SOURCE MATERIAL —
----------

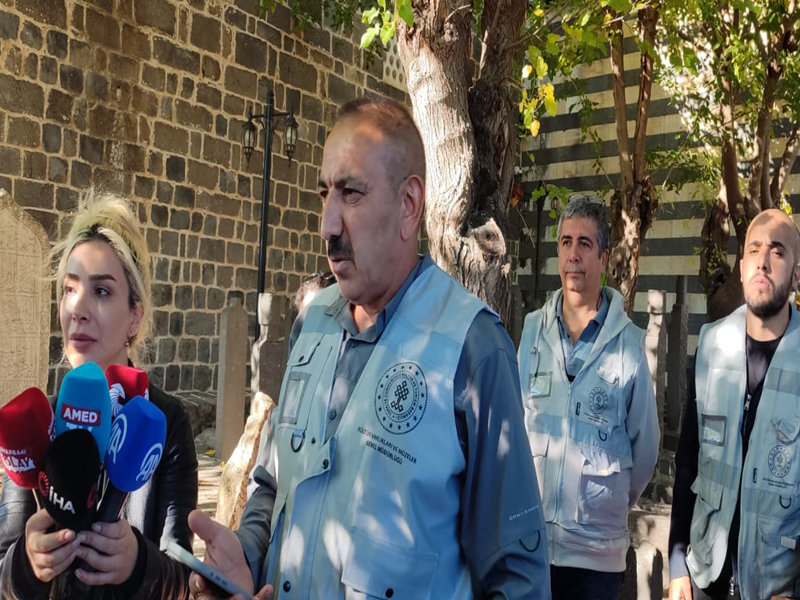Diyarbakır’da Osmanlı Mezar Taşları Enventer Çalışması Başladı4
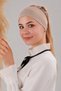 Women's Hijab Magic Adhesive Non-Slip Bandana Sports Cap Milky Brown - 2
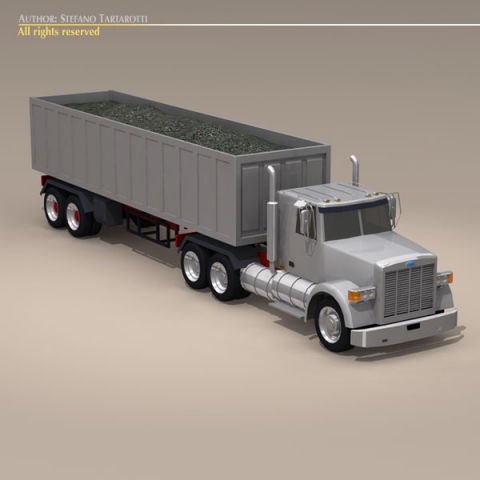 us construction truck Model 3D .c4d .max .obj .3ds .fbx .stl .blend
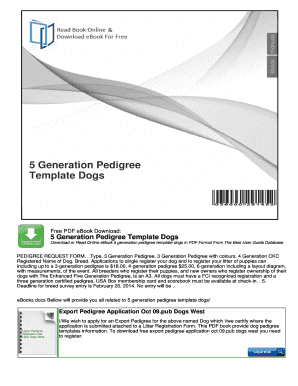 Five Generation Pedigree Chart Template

----------

REQUIREMENT —
Give back an exact copy of the material above, omitting the pictures.

RESULT —
Diyarbakır’da Osmanlı Mezar Taşları Enventer Çalışması Başladı4
 Women's Hijab Magic Adhesive Non-Slip Bandana Sports Cap Milky Brown - 2
 us construction truck Model 3D .c4d .max .obj .3ds .fbx .stl .blend
 Five Generation Pedigree Chart Template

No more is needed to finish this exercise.